* TASK TO CARRY OUT
Only one part of the listing is needed: the lines from the one with "Carnet 250e anniversaire" through the last line, copied exactly and free of pictures.

* COLLECTED MATERIAL
────────

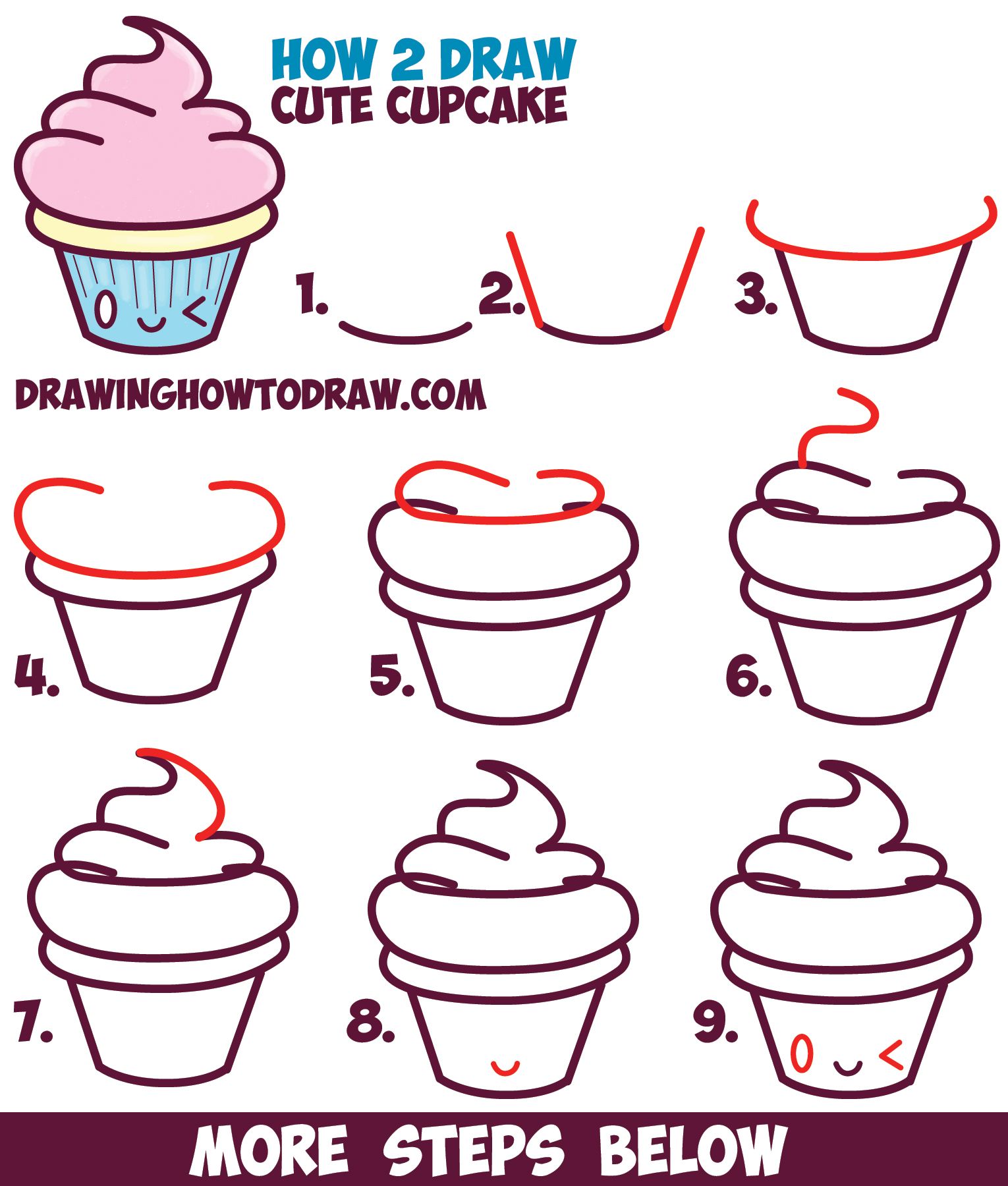 1530x1800 How To Draw Cute Kawaii Cupcake With Face On It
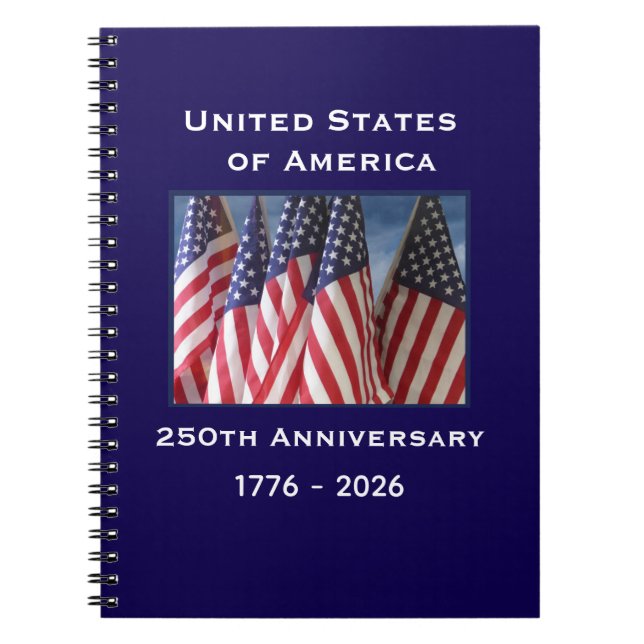 Carnet 250e anniversaire USA Patriotic American Flags (Devant)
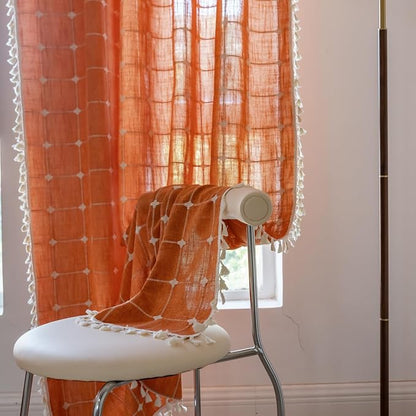 Sutuo Home Burnt Orange Plaids Boho Curtains - Image 4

────────

* EXERCISE RESPONSE
 Carnet 250e anniversaire USA Patriotic American Flags (Devant)
 Sutuo Home Burnt Orange Plaids Boho Curtains - Image 4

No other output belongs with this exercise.